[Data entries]
=-=-=

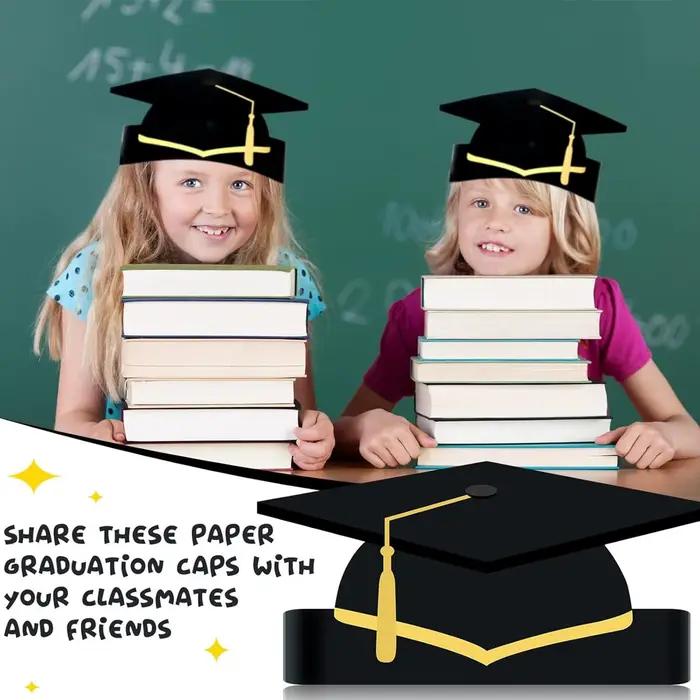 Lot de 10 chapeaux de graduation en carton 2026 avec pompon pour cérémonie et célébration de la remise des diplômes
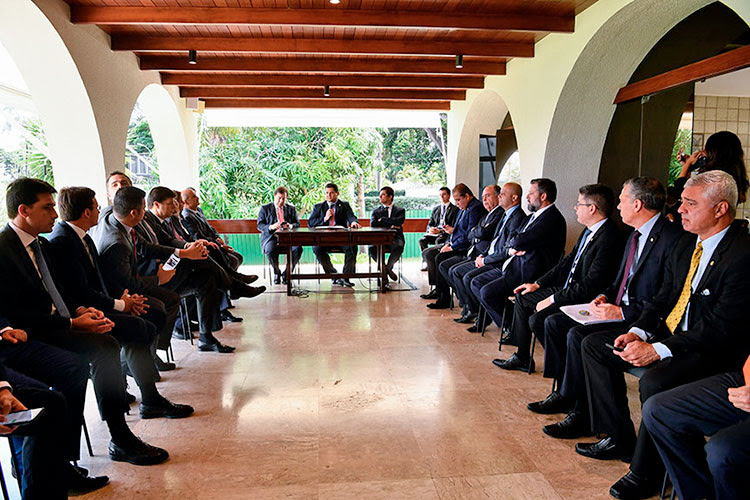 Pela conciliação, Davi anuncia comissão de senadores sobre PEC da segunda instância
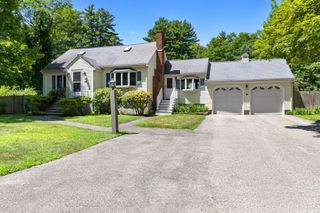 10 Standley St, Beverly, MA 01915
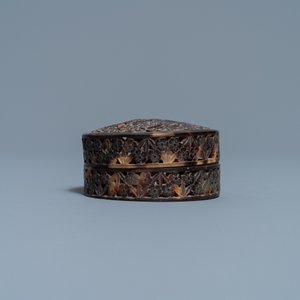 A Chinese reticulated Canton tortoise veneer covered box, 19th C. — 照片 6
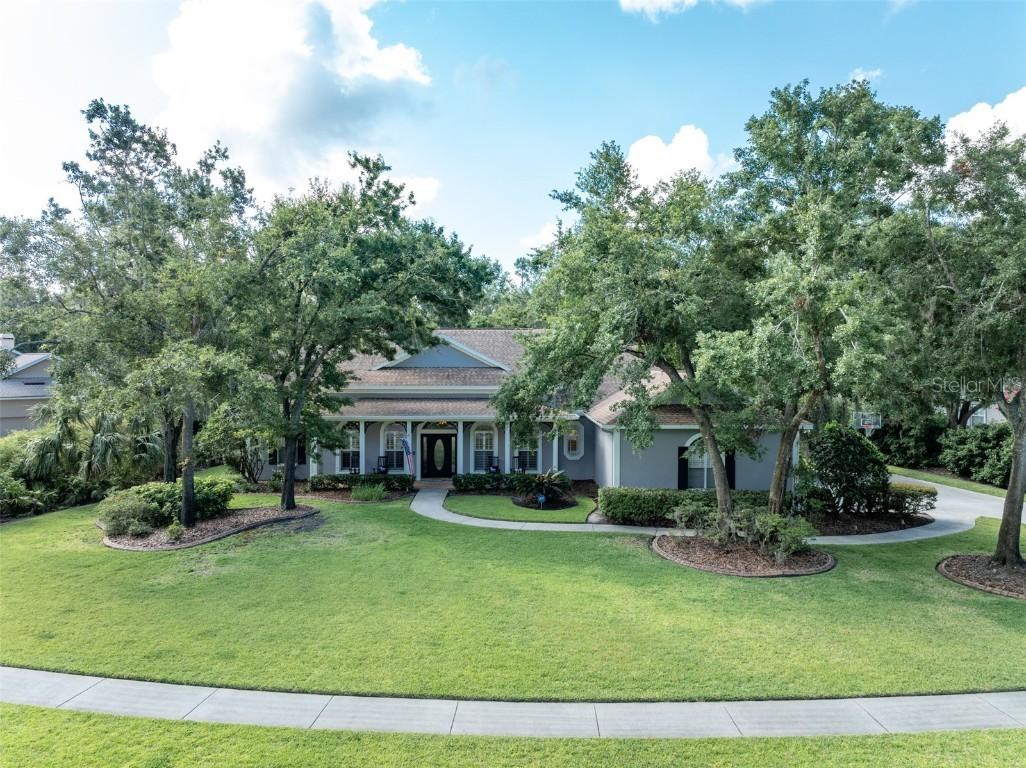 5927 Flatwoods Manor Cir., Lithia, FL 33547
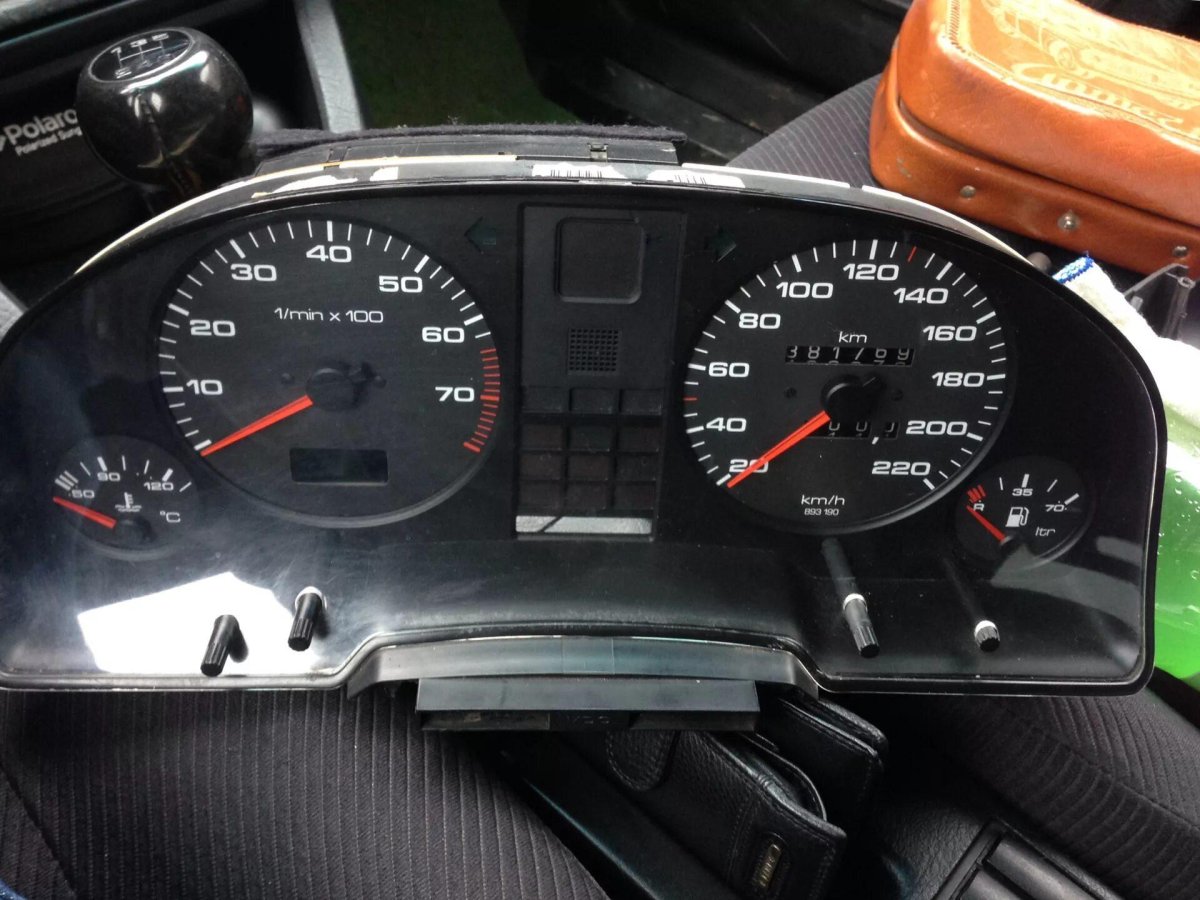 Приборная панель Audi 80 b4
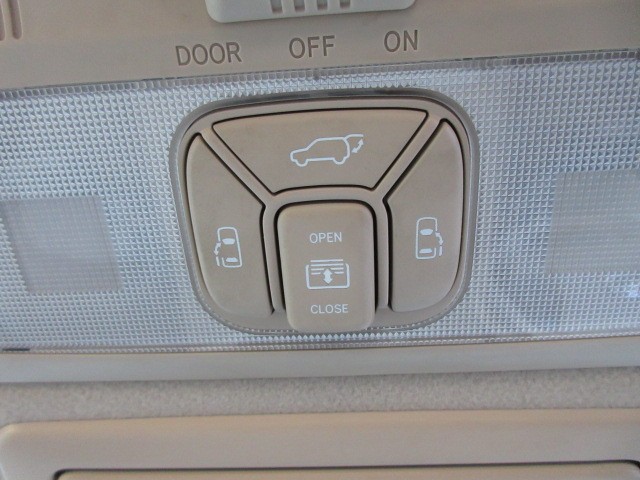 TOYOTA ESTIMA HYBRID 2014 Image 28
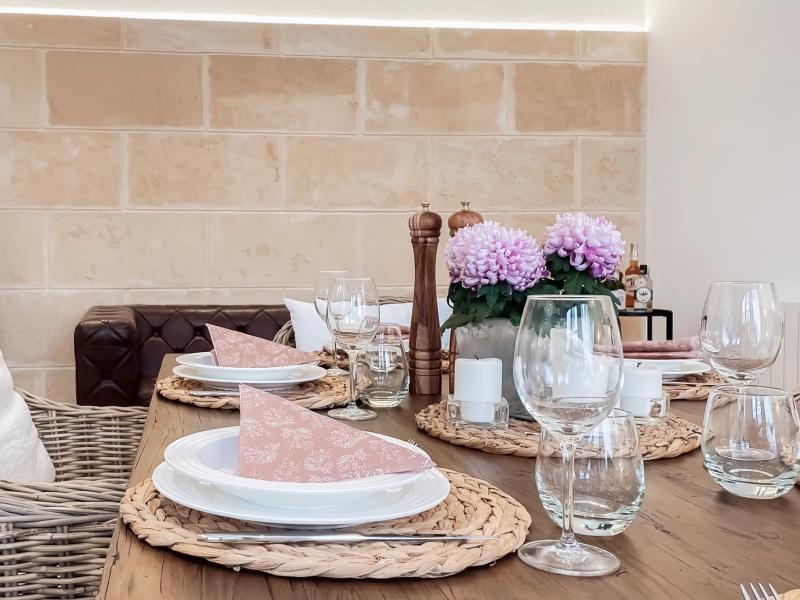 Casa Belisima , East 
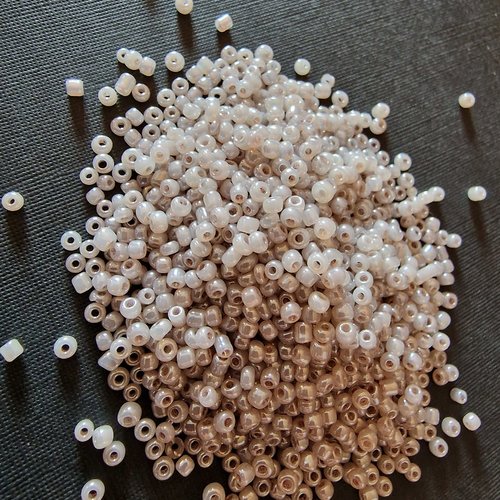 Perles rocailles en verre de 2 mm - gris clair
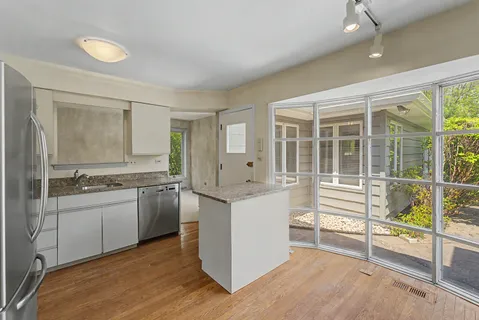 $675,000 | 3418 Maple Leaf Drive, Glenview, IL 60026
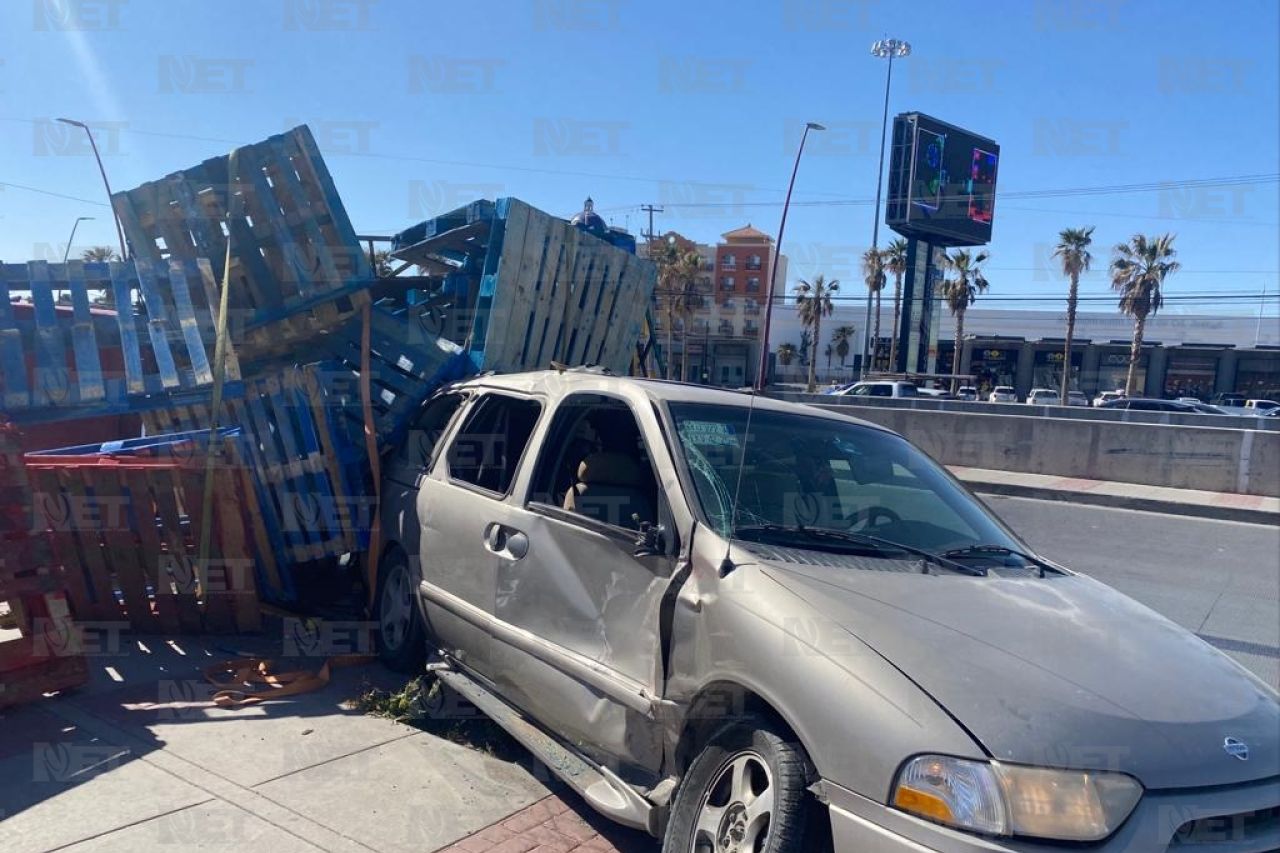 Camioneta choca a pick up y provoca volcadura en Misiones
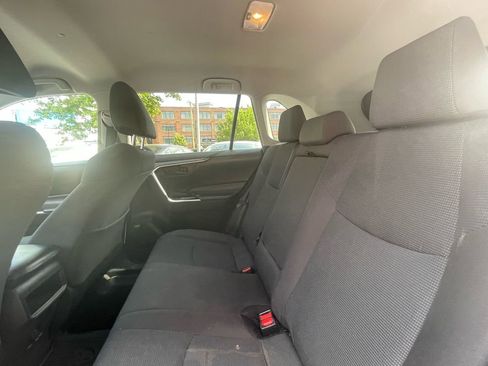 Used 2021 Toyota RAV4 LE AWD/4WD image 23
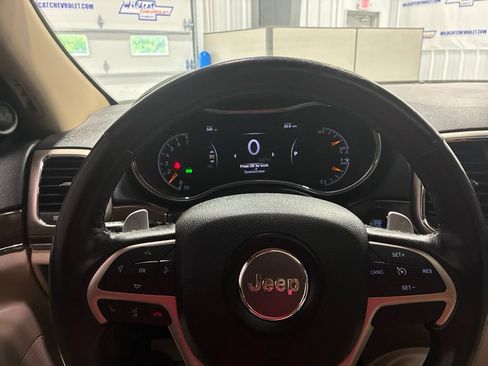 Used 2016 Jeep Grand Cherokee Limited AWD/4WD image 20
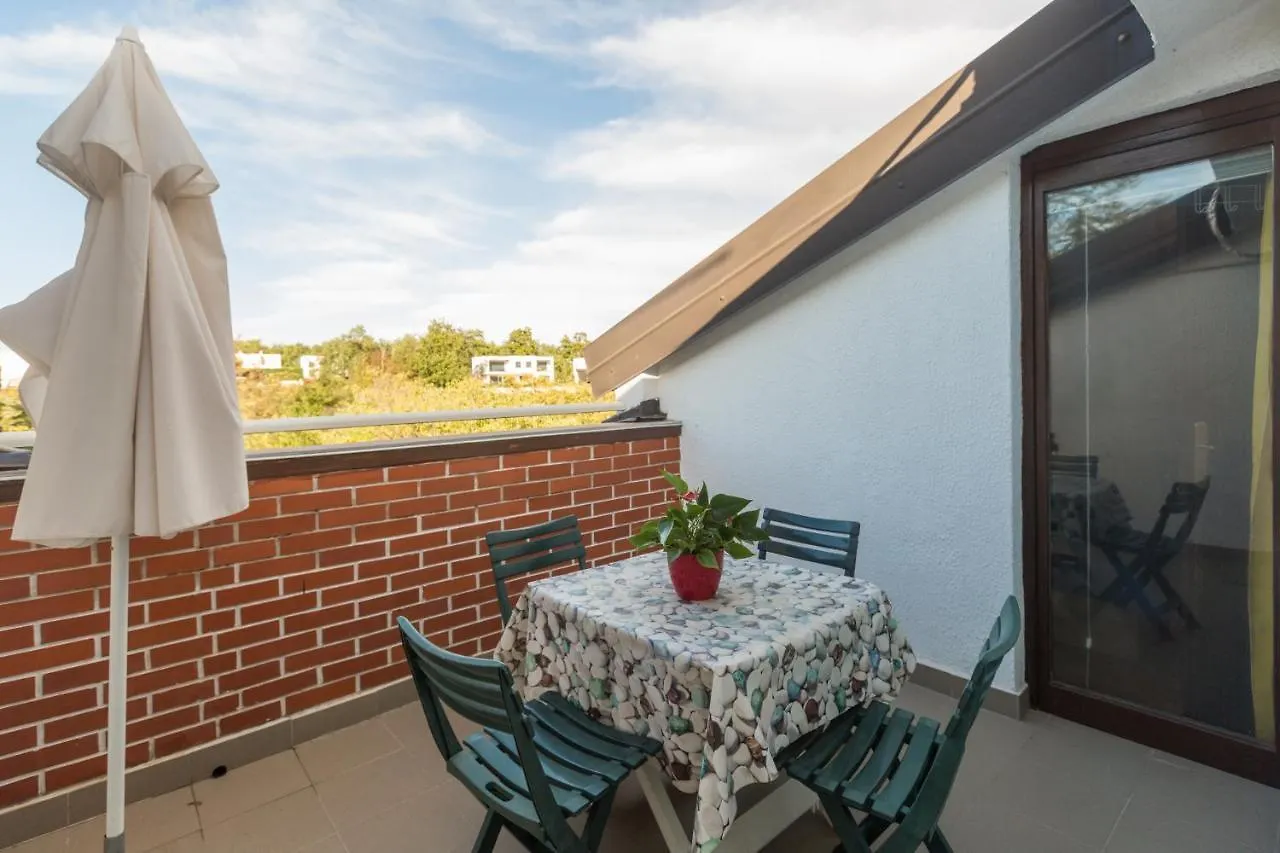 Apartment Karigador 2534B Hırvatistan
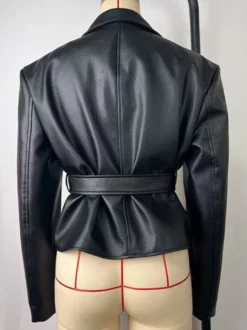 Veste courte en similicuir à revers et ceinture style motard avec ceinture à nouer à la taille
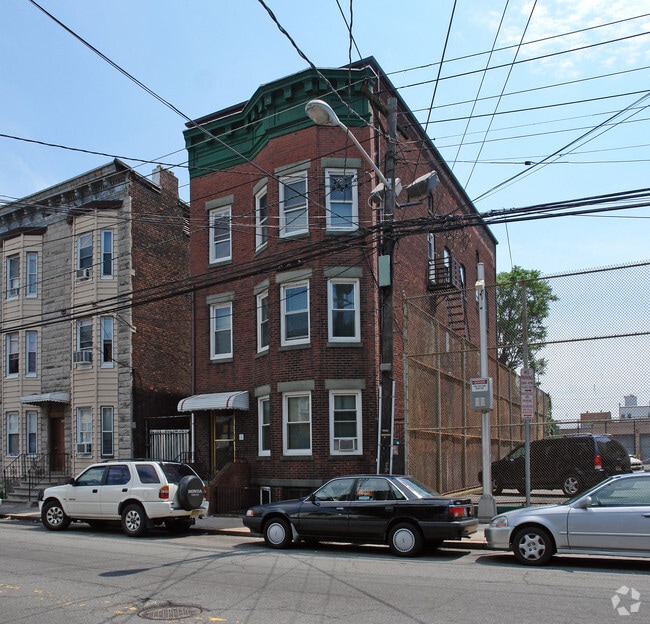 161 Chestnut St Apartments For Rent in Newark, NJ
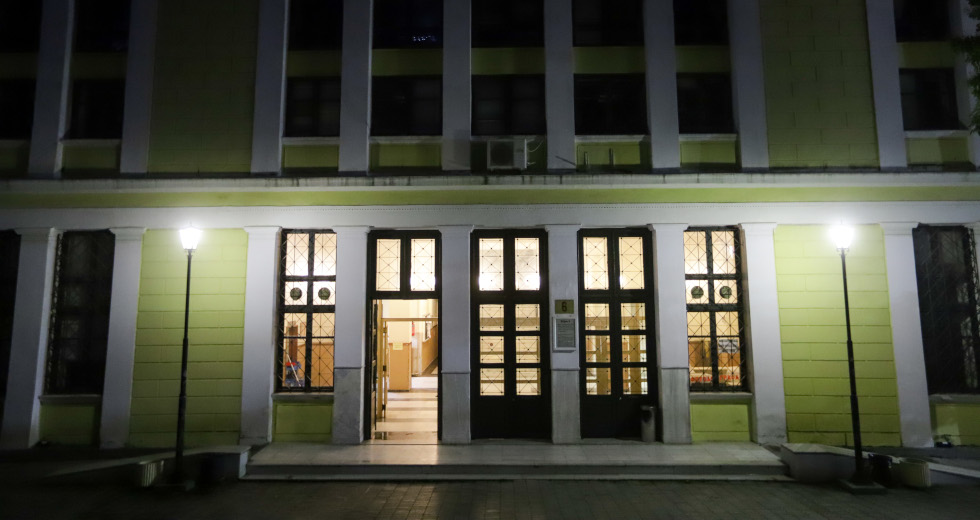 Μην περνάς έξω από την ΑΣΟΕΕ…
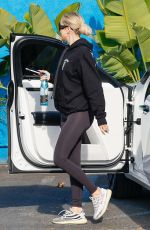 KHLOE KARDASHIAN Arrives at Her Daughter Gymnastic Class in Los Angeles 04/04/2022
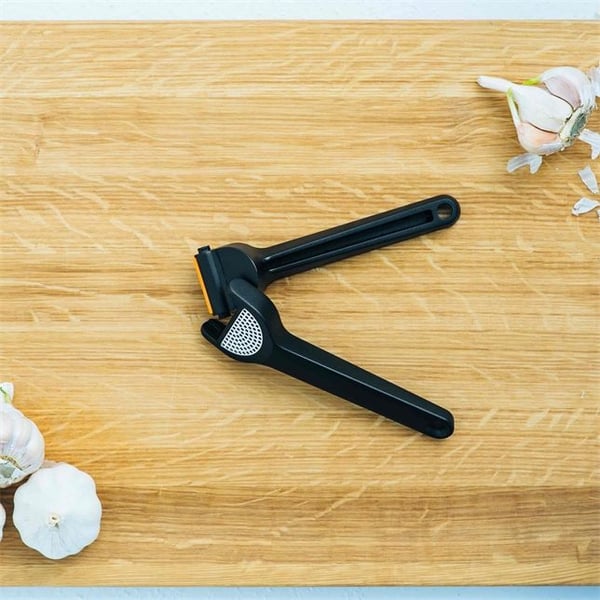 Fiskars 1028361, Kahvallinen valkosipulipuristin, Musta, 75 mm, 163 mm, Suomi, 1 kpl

=-=-=

Work to be completed:
No pictures belong in the copy: reproduce exactly the lines above from the one that contains "161 Chestnut St" through the last line of the entries.

Answer space:
 161 Chestnut St Apartments For Rent in Newark, NJ
 Μην περνάς έξω από την ΑΣΟΕΕ…
 KHLOE KARDASHIAN Arrives at Her Daughter Gymnastic Class in Los Angeles 04/04/2022
 Fiskars 1028361, Kahvallinen valkosipulipuristin, Musta, 75 mm, 163 mm, Suomi, 1 kpl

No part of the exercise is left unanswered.